In 2019, the company tapped almost entirely on Car Thing. First and foremost, it is a dedicated player for Spotify’s music and podcast library. Like most things these days, the device can be controlled by voice (“Hey Spotify”), but it also has a rotary dial, a touch screen and preset buttons for physical interaction. Car Thing connects to your phone via Bluetooth and is powered by the 12 volt port. The device can connect to your car radio wirelessly via Bluetooth or wired with an aux or USB connection. In either case, your phone is the internet connection and ticket for Spotify content, while the Car Thing is usually a controller and display. The company includes CD player, dashboard and vents in the box for you to choose from.

The gadget is noticeably smaller than a smartphone, although it looks a bit like it due to the touchscreen.

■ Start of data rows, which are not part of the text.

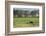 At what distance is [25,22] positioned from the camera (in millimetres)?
1316

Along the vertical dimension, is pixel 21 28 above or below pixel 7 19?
below

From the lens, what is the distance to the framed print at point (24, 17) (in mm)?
1286

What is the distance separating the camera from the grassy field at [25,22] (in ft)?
4.27

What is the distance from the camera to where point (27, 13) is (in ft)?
4.33

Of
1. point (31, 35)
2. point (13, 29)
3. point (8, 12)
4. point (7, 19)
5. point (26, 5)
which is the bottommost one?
point (31, 35)

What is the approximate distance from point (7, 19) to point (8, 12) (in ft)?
0.35

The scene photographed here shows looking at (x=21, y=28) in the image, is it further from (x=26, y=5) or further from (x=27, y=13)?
(x=26, y=5)

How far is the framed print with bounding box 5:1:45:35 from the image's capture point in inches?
50.6

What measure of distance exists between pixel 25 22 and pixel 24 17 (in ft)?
0.26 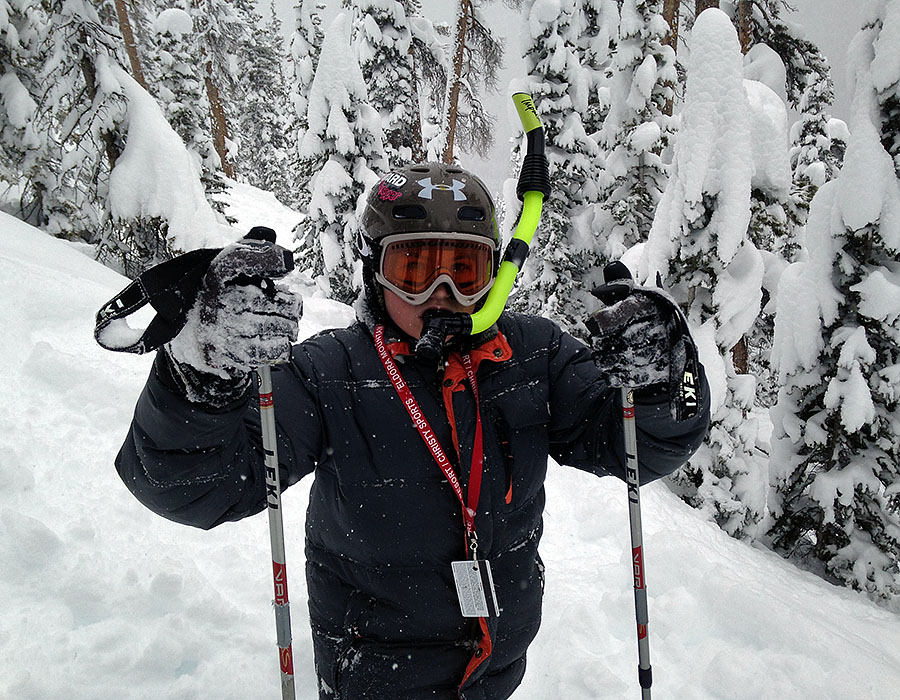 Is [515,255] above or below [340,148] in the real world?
above

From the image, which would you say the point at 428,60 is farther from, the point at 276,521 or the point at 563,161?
the point at 276,521

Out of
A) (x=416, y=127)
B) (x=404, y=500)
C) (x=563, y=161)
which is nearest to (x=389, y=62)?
(x=416, y=127)

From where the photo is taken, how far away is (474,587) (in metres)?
1.76

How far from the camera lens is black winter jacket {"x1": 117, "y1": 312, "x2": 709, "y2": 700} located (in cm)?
179

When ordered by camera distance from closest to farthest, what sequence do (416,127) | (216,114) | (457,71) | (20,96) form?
(20,96) < (457,71) < (416,127) < (216,114)

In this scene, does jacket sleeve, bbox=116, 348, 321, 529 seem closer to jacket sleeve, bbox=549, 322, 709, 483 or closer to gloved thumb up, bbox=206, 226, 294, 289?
gloved thumb up, bbox=206, 226, 294, 289

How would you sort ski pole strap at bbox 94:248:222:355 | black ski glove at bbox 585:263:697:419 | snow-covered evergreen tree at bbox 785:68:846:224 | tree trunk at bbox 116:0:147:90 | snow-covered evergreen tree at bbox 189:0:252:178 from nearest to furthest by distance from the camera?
1. ski pole strap at bbox 94:248:222:355
2. black ski glove at bbox 585:263:697:419
3. tree trunk at bbox 116:0:147:90
4. snow-covered evergreen tree at bbox 785:68:846:224
5. snow-covered evergreen tree at bbox 189:0:252:178

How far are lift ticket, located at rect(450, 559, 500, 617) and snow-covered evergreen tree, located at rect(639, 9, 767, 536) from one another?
6.93 meters

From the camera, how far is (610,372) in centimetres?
173

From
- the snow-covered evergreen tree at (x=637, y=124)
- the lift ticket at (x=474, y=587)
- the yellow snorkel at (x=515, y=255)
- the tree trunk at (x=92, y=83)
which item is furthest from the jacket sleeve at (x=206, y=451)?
the snow-covered evergreen tree at (x=637, y=124)

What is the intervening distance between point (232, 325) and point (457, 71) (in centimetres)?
1688

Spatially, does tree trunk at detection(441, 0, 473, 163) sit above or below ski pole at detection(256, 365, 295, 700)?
above

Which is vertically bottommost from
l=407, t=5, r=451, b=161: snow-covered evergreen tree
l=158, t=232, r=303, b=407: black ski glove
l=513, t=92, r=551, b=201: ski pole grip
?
l=158, t=232, r=303, b=407: black ski glove

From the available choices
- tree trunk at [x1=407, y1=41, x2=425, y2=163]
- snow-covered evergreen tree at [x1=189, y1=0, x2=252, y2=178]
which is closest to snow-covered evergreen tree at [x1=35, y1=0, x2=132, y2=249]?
tree trunk at [x1=407, y1=41, x2=425, y2=163] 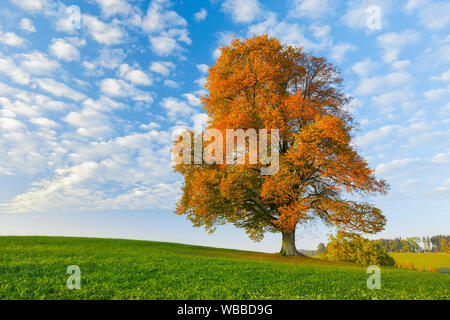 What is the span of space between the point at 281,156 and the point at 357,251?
11.9 m

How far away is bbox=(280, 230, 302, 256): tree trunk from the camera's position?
25172 millimetres

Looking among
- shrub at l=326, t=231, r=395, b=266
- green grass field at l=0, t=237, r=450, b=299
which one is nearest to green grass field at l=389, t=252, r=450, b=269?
shrub at l=326, t=231, r=395, b=266

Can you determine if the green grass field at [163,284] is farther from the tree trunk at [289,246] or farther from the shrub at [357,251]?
the shrub at [357,251]

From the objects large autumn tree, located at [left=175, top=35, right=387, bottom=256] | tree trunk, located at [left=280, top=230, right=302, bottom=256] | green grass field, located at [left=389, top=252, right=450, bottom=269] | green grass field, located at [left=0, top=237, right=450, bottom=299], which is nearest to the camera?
green grass field, located at [left=0, top=237, right=450, bottom=299]

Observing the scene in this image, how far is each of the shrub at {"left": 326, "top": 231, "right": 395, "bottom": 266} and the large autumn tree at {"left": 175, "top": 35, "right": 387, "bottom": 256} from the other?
3.38 meters

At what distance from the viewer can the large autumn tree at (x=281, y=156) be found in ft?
68.6

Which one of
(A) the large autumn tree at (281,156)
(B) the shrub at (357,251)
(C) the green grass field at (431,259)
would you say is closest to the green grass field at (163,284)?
(A) the large autumn tree at (281,156)

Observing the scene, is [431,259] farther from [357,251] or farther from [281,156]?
[281,156]

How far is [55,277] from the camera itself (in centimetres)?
943

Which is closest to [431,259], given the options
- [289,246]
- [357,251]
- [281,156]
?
[357,251]

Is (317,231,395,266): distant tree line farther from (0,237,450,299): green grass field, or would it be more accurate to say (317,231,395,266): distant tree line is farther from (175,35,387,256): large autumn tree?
(0,237,450,299): green grass field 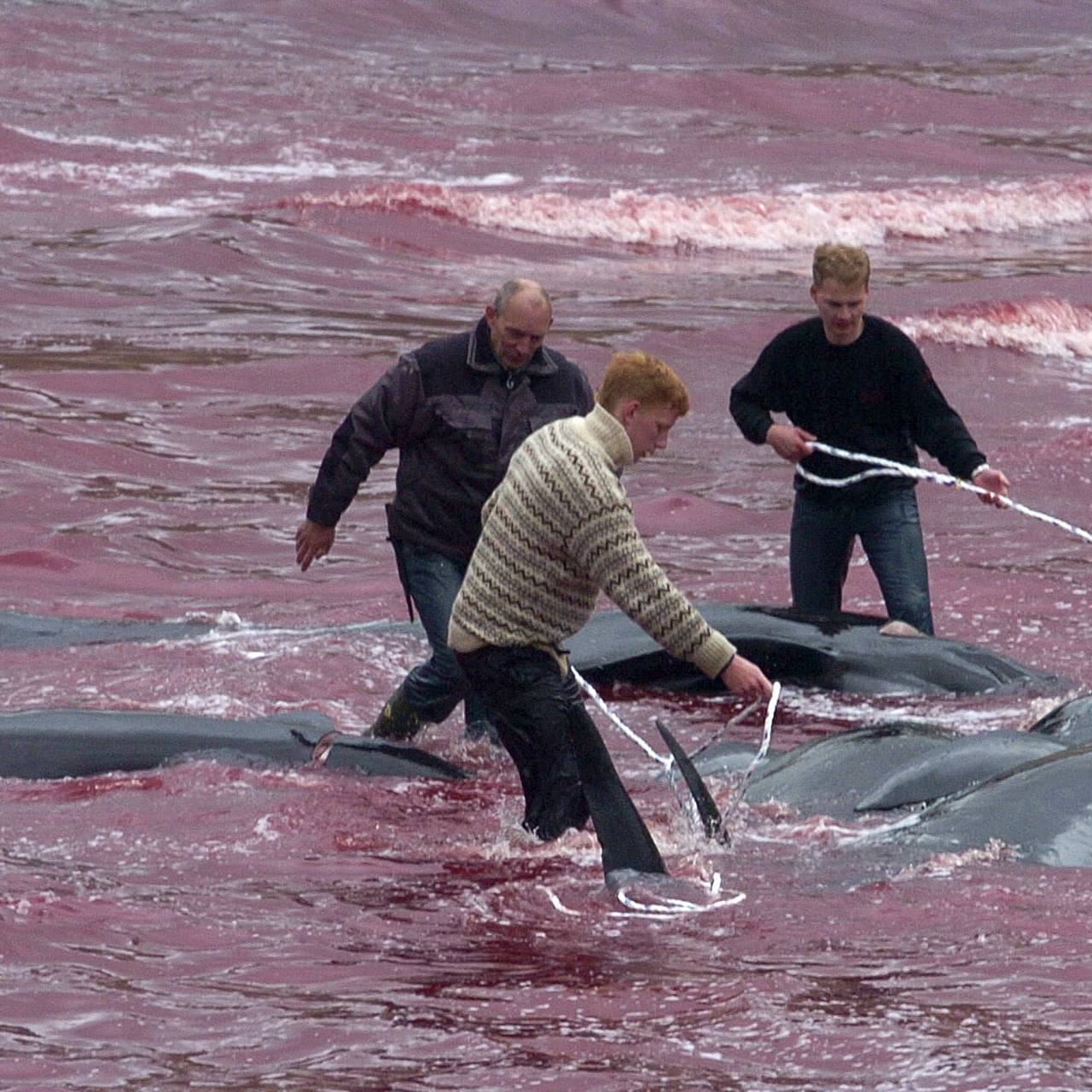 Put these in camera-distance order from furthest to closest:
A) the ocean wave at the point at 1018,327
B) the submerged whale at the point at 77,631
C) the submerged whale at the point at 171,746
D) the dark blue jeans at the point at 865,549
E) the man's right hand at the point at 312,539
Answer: the ocean wave at the point at 1018,327
the submerged whale at the point at 77,631
the dark blue jeans at the point at 865,549
the submerged whale at the point at 171,746
the man's right hand at the point at 312,539

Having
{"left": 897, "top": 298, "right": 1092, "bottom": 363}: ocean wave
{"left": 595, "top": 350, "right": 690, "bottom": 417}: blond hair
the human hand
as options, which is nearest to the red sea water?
{"left": 897, "top": 298, "right": 1092, "bottom": 363}: ocean wave

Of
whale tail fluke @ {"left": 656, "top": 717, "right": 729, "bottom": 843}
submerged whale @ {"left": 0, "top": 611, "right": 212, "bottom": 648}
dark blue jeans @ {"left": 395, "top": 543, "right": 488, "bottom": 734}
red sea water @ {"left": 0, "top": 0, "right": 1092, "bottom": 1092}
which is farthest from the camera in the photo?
submerged whale @ {"left": 0, "top": 611, "right": 212, "bottom": 648}

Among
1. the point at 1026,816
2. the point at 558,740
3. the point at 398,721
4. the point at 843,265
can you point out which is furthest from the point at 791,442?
the point at 558,740

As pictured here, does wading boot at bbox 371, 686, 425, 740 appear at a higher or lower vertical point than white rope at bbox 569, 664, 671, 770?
lower

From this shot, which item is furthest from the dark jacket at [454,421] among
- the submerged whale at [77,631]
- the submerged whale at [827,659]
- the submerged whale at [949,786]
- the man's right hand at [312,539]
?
the submerged whale at [77,631]

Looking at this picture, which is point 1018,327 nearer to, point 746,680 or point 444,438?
point 444,438

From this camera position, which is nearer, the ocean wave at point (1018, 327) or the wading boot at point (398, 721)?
the wading boot at point (398, 721)

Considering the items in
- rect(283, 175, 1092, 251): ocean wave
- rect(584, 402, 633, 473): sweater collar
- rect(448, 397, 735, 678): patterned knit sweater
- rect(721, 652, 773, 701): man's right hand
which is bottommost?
rect(721, 652, 773, 701): man's right hand

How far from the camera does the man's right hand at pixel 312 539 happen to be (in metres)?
9.05

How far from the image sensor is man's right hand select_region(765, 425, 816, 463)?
31.0 ft

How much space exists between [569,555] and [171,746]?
297 centimetres

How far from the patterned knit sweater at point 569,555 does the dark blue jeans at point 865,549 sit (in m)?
3.07

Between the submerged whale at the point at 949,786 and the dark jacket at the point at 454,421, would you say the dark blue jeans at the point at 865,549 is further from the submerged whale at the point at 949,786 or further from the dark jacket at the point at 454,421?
the dark jacket at the point at 454,421

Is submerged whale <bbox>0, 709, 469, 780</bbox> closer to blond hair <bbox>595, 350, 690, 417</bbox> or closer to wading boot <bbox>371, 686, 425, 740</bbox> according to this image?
wading boot <bbox>371, 686, 425, 740</bbox> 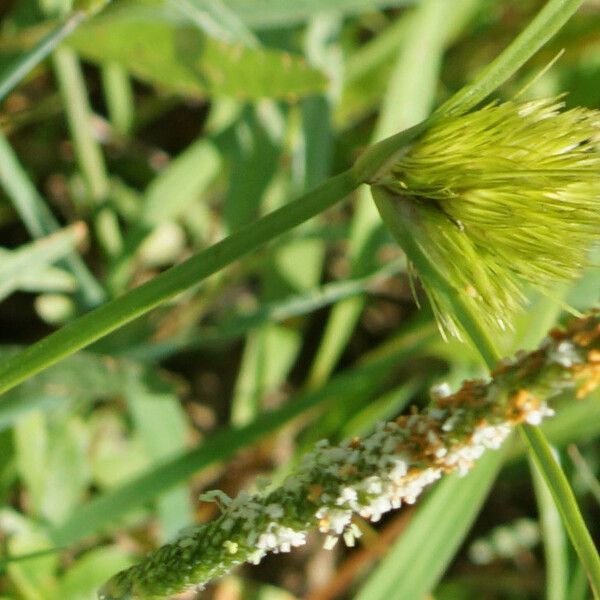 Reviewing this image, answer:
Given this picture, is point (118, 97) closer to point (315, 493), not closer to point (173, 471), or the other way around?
point (173, 471)

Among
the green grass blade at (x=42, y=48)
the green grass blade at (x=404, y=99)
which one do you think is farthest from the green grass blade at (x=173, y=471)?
the green grass blade at (x=42, y=48)

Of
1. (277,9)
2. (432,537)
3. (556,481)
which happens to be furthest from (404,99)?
(556,481)

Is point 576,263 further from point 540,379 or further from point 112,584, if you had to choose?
point 112,584

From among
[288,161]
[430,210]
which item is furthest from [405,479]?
[288,161]

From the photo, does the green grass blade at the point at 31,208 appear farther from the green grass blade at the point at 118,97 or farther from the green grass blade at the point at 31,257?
the green grass blade at the point at 118,97

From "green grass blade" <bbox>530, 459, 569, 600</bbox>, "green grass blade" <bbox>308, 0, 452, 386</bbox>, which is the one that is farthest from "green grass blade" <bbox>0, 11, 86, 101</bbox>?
"green grass blade" <bbox>530, 459, 569, 600</bbox>

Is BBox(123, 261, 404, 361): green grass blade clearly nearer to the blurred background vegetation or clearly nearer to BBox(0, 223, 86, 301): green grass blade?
the blurred background vegetation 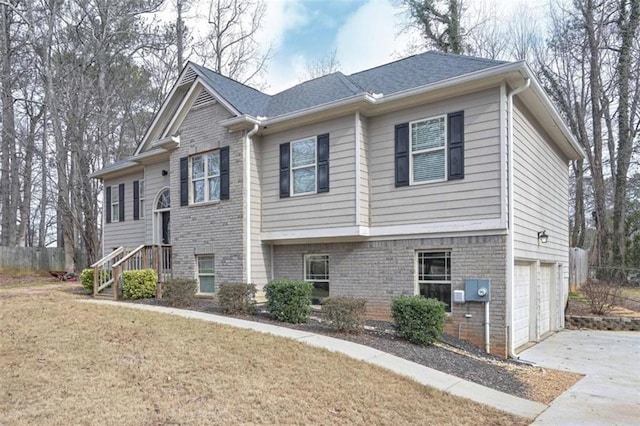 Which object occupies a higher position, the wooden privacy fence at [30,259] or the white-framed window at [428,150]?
the white-framed window at [428,150]

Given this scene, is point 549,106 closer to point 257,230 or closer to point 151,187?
point 257,230

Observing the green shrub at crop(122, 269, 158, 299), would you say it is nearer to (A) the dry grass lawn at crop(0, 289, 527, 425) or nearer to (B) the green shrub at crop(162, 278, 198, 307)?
(B) the green shrub at crop(162, 278, 198, 307)

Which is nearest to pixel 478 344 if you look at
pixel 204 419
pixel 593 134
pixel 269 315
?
pixel 269 315

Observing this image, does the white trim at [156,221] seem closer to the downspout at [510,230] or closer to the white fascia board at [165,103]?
the white fascia board at [165,103]

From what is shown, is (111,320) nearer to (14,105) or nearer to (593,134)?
(14,105)

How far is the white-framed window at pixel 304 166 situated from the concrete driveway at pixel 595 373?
6.02 meters

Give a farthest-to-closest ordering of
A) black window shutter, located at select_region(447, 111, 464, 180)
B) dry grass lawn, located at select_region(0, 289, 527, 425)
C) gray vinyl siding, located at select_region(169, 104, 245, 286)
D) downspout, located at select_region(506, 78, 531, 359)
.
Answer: gray vinyl siding, located at select_region(169, 104, 245, 286) → black window shutter, located at select_region(447, 111, 464, 180) → downspout, located at select_region(506, 78, 531, 359) → dry grass lawn, located at select_region(0, 289, 527, 425)

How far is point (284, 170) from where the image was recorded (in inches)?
454

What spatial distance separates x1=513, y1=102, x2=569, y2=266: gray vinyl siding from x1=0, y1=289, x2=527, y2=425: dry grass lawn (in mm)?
4858

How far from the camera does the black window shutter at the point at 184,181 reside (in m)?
13.0

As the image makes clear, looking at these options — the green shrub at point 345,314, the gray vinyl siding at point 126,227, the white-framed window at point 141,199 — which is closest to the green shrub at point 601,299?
the green shrub at point 345,314

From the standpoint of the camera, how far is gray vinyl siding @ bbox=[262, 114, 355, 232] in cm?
1030

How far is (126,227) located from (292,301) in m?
10.6

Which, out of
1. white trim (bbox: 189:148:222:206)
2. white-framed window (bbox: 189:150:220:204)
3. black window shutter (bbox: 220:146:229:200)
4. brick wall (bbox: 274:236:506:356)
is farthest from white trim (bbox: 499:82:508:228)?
white-framed window (bbox: 189:150:220:204) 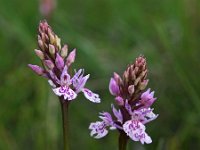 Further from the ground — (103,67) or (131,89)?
(103,67)

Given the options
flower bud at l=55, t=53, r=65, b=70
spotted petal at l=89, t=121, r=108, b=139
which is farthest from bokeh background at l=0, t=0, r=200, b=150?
flower bud at l=55, t=53, r=65, b=70

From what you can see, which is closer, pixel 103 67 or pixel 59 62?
pixel 59 62

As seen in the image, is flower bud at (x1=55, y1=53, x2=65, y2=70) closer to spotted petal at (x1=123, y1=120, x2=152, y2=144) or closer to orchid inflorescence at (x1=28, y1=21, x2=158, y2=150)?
orchid inflorescence at (x1=28, y1=21, x2=158, y2=150)

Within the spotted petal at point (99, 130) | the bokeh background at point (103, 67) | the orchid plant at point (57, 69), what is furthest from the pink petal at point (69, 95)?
the bokeh background at point (103, 67)

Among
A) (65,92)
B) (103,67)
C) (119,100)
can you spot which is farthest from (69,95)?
(103,67)

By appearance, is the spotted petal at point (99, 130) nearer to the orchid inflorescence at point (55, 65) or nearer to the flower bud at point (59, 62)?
the orchid inflorescence at point (55, 65)

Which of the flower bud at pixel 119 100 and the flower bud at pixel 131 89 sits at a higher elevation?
the flower bud at pixel 131 89

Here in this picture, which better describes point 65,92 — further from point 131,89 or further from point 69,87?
point 131,89

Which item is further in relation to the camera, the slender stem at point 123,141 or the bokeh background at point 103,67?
the bokeh background at point 103,67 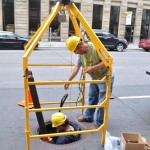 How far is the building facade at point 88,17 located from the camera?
2412 centimetres

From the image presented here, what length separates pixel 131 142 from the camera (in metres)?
→ 3.43

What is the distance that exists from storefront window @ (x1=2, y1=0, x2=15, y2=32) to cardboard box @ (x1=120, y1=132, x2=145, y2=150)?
2277 cm

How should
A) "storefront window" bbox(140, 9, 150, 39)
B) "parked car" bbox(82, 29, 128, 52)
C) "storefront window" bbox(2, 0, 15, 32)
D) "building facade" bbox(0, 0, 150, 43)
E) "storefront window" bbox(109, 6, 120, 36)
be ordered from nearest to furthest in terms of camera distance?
1. "parked car" bbox(82, 29, 128, 52)
2. "storefront window" bbox(2, 0, 15, 32)
3. "building facade" bbox(0, 0, 150, 43)
4. "storefront window" bbox(109, 6, 120, 36)
5. "storefront window" bbox(140, 9, 150, 39)

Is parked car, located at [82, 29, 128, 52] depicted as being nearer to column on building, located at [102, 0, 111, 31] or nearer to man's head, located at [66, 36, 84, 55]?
column on building, located at [102, 0, 111, 31]

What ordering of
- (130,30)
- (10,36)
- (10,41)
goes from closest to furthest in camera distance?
(10,41)
(10,36)
(130,30)

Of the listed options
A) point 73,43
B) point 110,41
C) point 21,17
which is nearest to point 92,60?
point 73,43

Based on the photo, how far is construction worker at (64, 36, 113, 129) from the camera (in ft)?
11.6

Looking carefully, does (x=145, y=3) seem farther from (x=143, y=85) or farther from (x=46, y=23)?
(x=46, y=23)

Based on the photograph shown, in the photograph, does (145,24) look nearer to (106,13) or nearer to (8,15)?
(106,13)

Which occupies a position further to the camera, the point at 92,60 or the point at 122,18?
the point at 122,18

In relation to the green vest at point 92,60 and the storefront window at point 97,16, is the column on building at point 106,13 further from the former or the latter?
the green vest at point 92,60

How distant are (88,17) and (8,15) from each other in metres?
8.28

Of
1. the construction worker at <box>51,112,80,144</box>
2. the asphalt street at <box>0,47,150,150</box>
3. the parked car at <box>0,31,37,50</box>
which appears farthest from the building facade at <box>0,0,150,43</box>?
the construction worker at <box>51,112,80,144</box>

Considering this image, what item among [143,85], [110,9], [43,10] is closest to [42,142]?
[143,85] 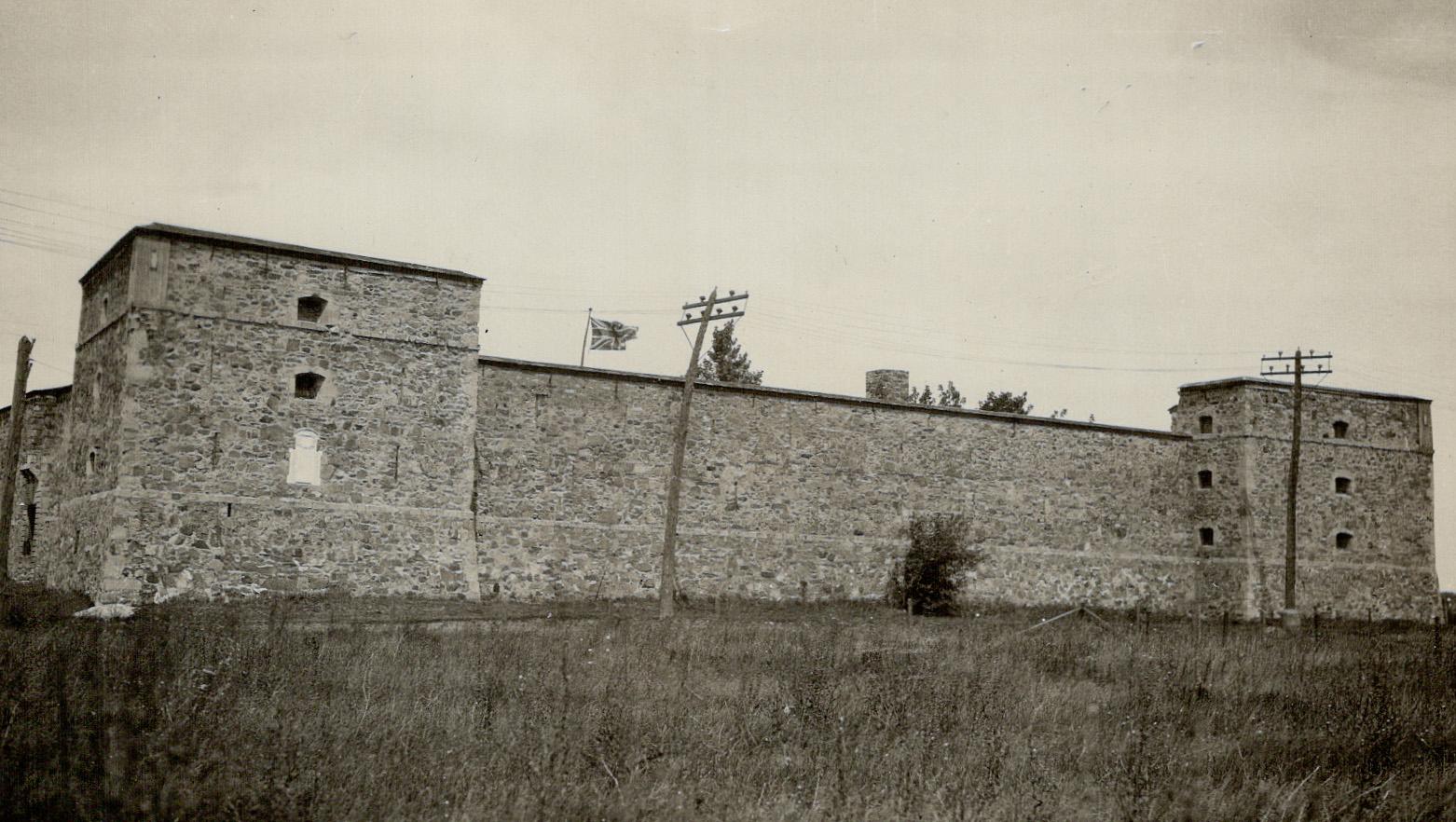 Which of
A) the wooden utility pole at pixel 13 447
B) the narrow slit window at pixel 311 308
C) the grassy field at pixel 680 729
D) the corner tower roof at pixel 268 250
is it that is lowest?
the grassy field at pixel 680 729

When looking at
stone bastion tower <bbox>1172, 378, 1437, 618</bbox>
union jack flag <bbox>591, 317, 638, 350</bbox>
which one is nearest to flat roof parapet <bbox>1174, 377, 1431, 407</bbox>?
stone bastion tower <bbox>1172, 378, 1437, 618</bbox>

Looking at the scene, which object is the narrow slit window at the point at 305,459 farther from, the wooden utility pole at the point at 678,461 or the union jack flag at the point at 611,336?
the union jack flag at the point at 611,336

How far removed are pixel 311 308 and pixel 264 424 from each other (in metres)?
2.17

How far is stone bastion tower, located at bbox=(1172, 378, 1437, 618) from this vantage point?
29438 millimetres

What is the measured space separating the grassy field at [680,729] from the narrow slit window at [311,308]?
703 centimetres

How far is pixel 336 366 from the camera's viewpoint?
19859mm

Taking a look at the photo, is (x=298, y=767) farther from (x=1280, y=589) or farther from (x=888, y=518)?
(x=1280, y=589)

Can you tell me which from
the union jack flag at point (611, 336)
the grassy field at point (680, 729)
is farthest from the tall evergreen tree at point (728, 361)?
the grassy field at point (680, 729)

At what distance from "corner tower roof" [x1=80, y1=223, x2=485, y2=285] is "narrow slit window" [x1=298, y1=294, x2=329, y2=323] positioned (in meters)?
0.68

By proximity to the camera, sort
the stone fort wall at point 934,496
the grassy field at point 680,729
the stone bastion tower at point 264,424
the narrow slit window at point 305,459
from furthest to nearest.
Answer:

It also reminds me of the satellite radio receiver I used in the days before the merger of Sirius and XM Radio. Four preset buttons on the top let you store your favorite music, podcasts and news for one-touch access. Spotify says those four items are also saved for offline playback. You can press and hold one of the buttons to save what is playing or use a voice command to set them up hands-free. You can also say “Hey Spotify” to play each of the presets if you can’t or don’t want to press any of the buttons.

To navigate your content library, you can turn and press the rotary knob or tap the screen to view specific track details for a playlist, album or podcast. Below the dial is a back button that takes you to the Now Playing screen, returns to the home page, or closes the player interface. Like Spotify’s Car View, the user interface on the player has been simplified, with album art and basic controls with bold fonts for visibility. Overall, the interface design is very similar to the company’s mobile apps.

Spotify

Spotify shows its voice control with Car Thing. The company just added its own voice assistant to its mobile apps last week, and that technology gives you the ability to use this hardware hands-free when needed. You can ask the helper to play or show everything from artists and songs to podcasts and playlists. “Hey Spotify” is useful for searching and playing what you’re looking for without reaching for the device, but it can also help you store songs in your library. The company says Car Thing’s four microphones ensure that the voice setup hears your commands even when music is playing or the windows are turned down.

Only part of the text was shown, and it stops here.